(Dataset extract Opens)

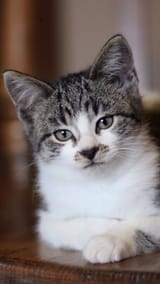 annoyed cat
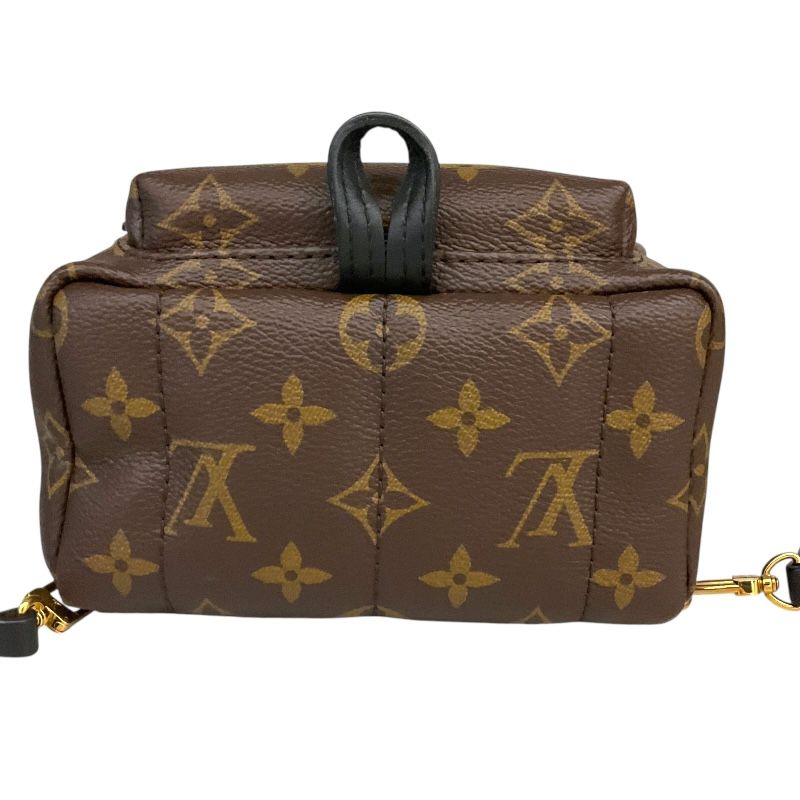 Louis Vuitton Palm Springs Mini Backpack - Exquisite PVC Craftsmanship
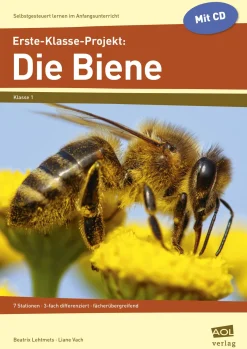 Erste-Klasse-Projekt: Die Biene - Broschüre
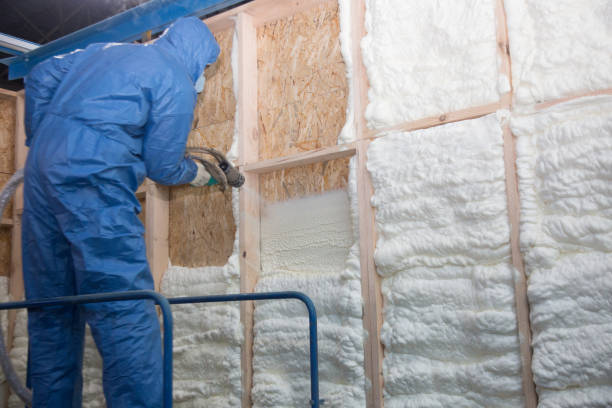 Best Attic Insulation Installation in North Manchester, IN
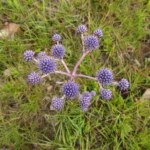 Eryngium junceum (10)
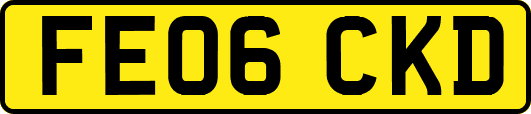 FE06CKD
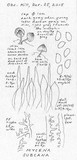 Mycena subcana image
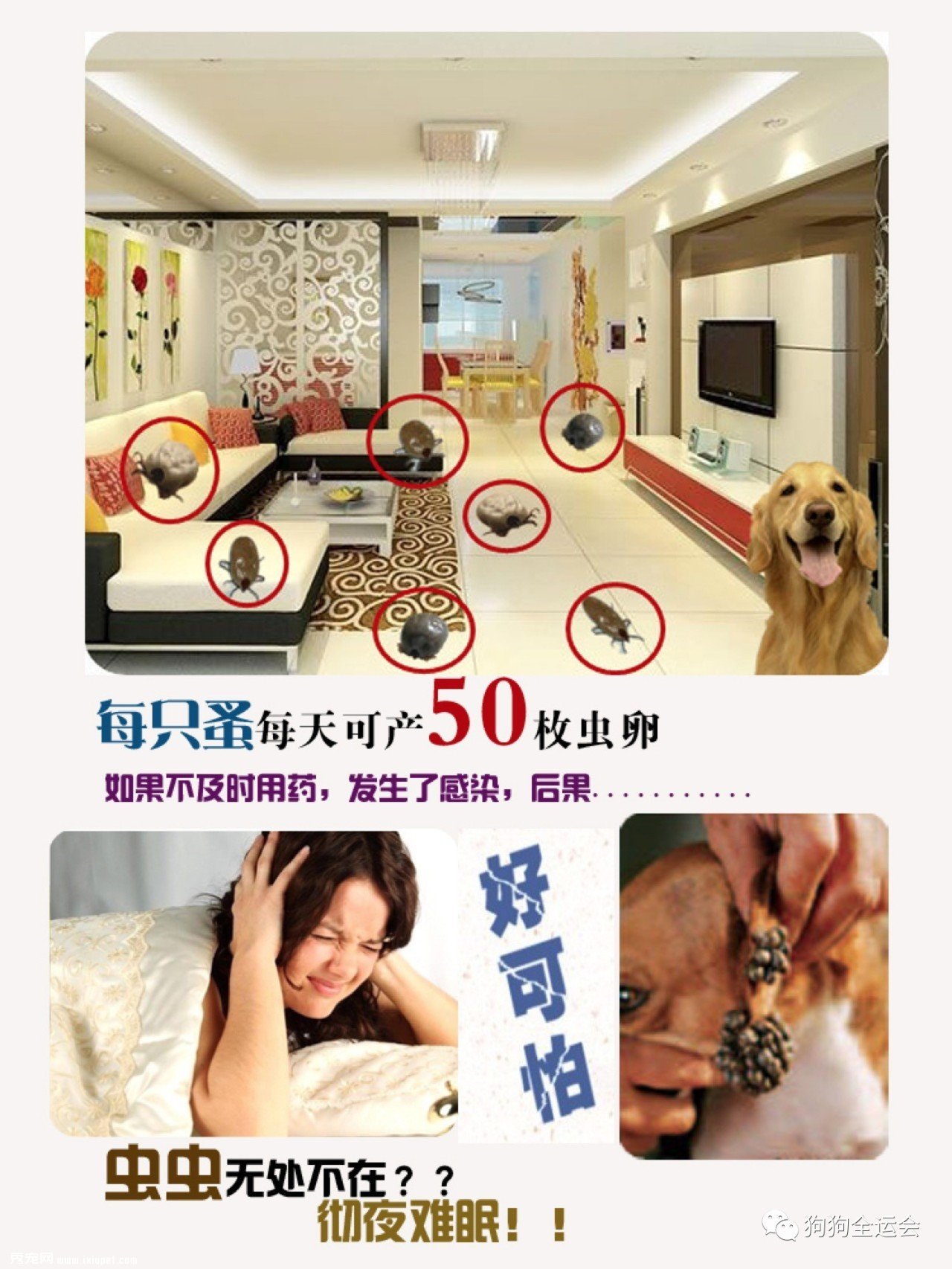 关于狗狗驱虫:闷热潮湿的8月份,是什么1变100?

(Dataset extract Closes)

Each entry above is to be written out again unchanged, apart from the pictures, which are left out.

Output of the exercise:
 annoyed cat
 Louis Vuitton Palm Springs Mini Backpack - Exquisite PVC Craftsmanship
 Erste-Klasse-Projekt: Die Biene - Broschüre
 Best Attic Insulation Installation in North Manchester, IN
 Eryngium junceum (10)
 FE06CKD
 Mycena subcana image
 关于狗狗驱虫:闷热潮湿的8月份,是什么1变100?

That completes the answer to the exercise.